YOUR INSTRUCTIONS
Where the records below show a line containing "Red Wing boots", start copying; end with the line containing "Nilfisk Aspirador comercial", and copy it too.

EXTRACTED MATERIAL
━━━
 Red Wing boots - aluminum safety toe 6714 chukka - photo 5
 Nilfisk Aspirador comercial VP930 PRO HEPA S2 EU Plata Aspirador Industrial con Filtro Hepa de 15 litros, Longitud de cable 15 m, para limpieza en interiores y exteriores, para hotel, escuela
━━━
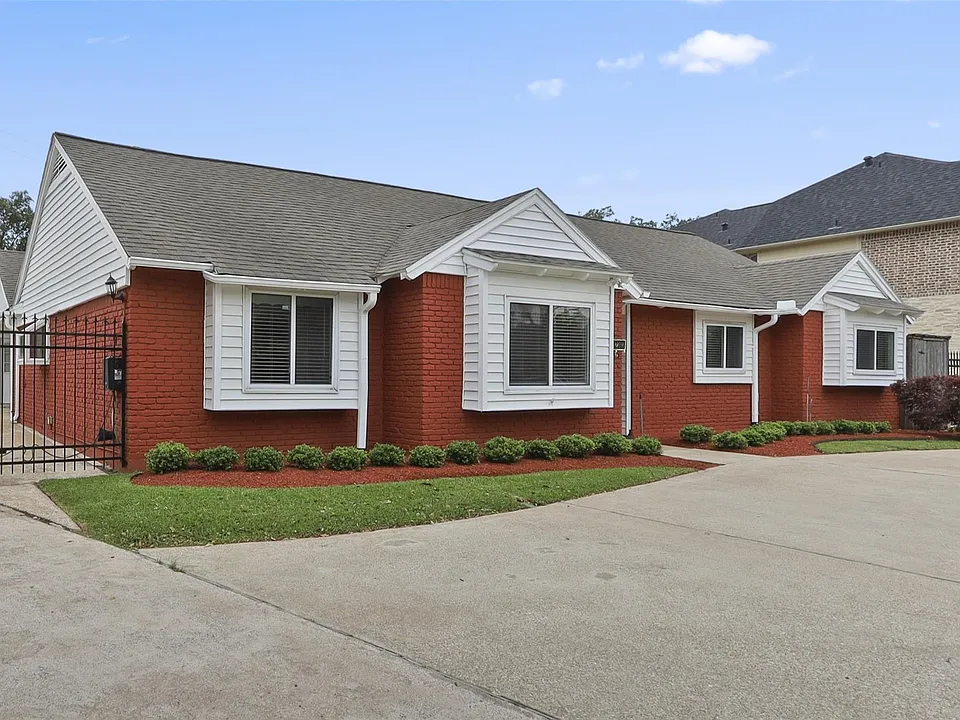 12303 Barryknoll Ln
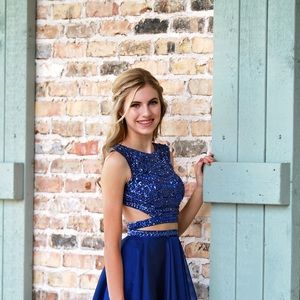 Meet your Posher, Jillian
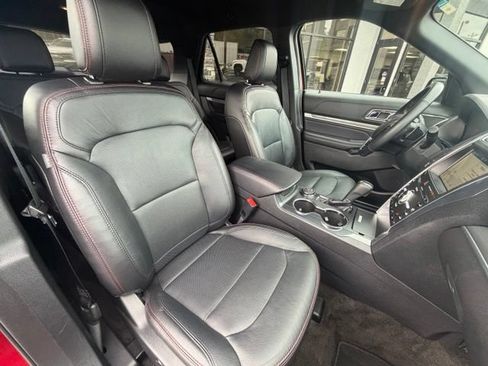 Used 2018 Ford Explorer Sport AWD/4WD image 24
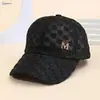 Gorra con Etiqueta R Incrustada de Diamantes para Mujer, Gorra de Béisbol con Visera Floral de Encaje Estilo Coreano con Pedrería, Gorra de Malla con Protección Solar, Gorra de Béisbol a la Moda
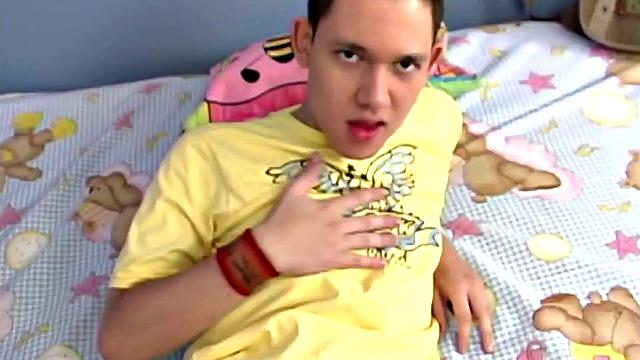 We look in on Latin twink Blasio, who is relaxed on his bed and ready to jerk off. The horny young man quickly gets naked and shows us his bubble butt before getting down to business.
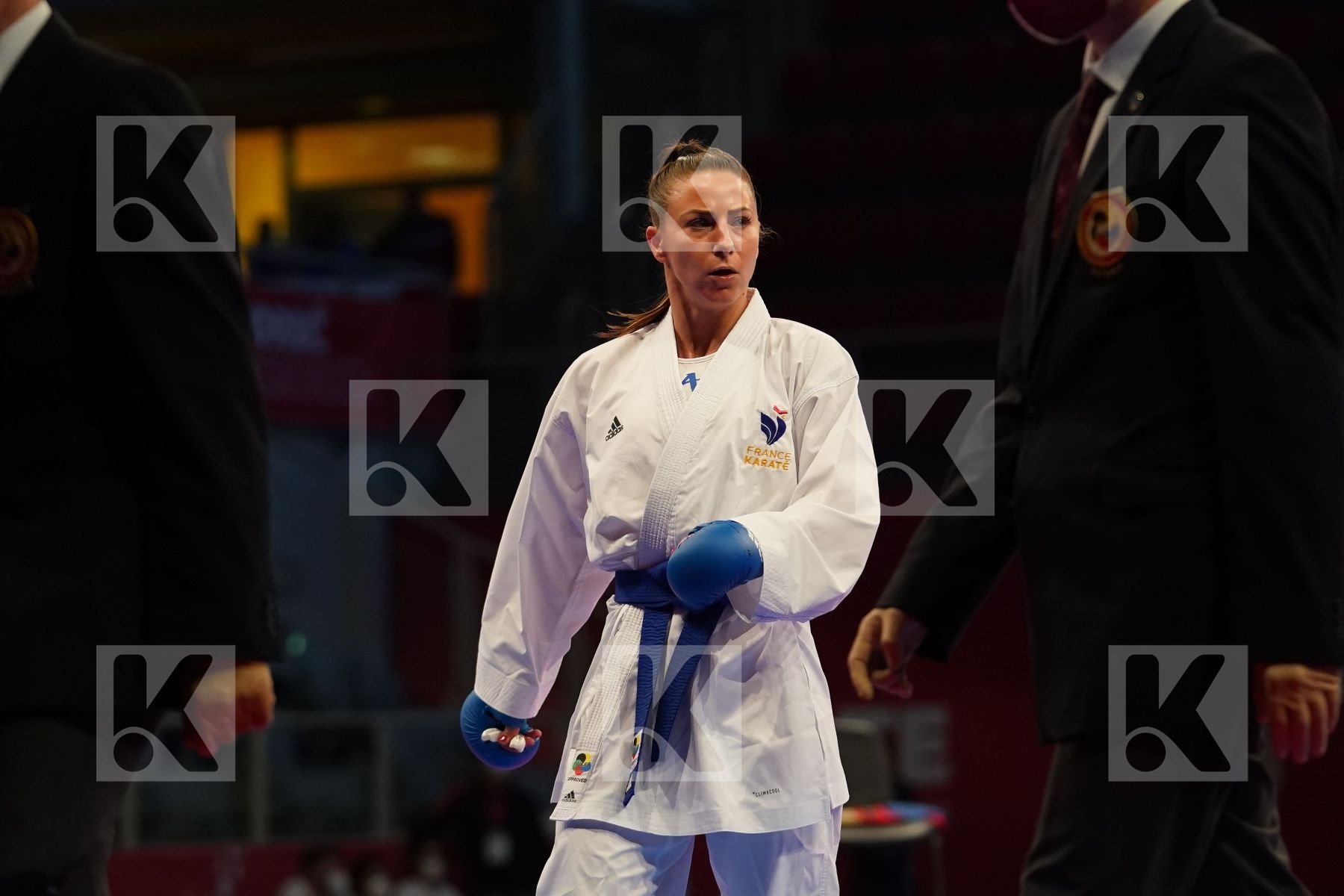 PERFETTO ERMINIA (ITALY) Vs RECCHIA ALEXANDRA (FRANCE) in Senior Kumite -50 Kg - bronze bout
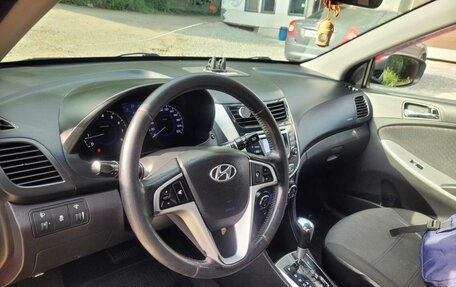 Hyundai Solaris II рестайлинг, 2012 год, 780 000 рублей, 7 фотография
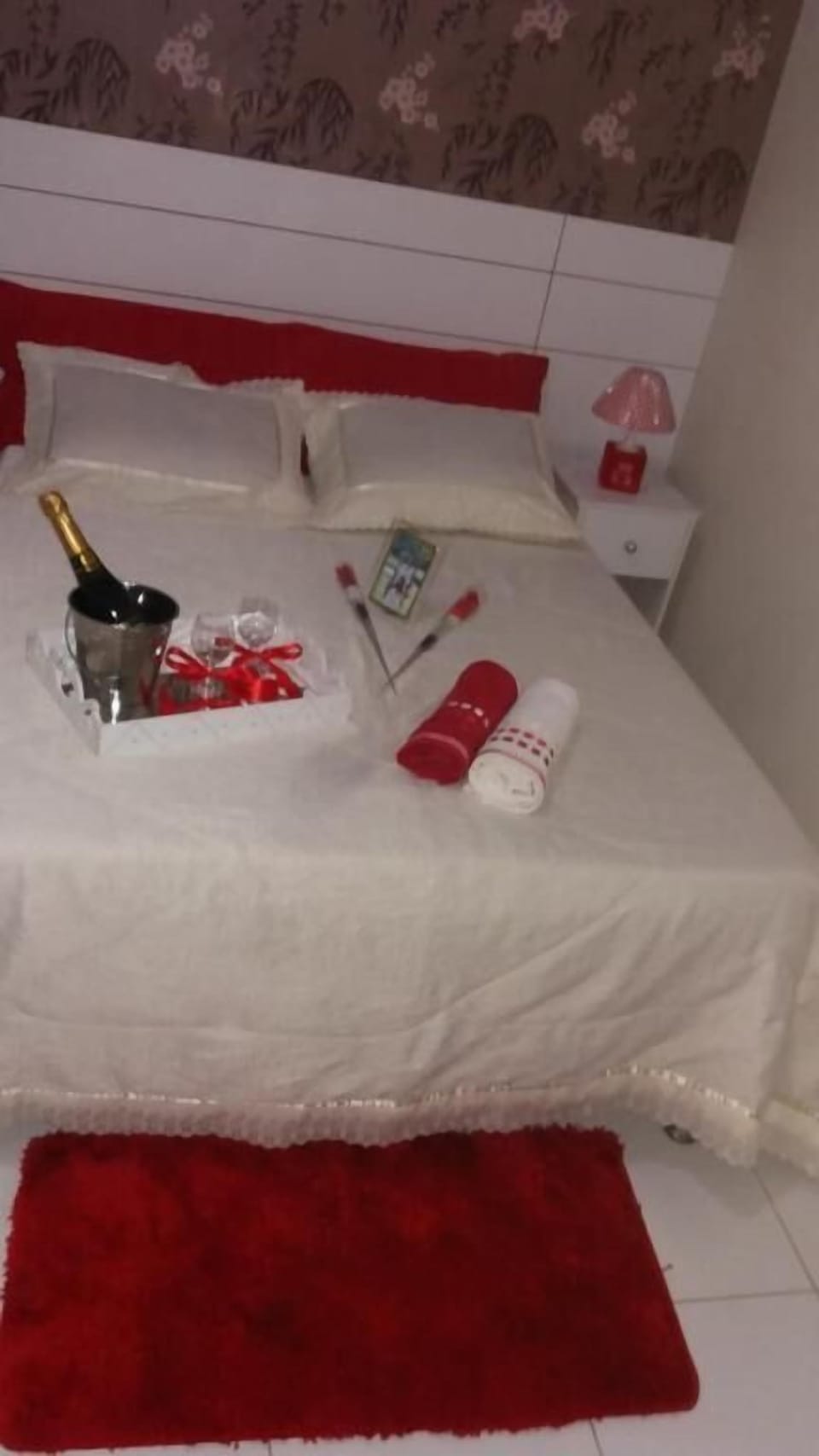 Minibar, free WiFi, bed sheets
━━━
RESULT OF THIS EXERCISE
 Red Wing boots - aluminum safety toe 6714 chukka - photo 5
 Nilfisk Aspirador comercial VP930 PRO HEPA S2 EU Plata Aspirador Industrial con Filtro Hepa de 15 litros, Longitud de cable 15 m, para limpieza en interiores y exteriores, para hotel, escuela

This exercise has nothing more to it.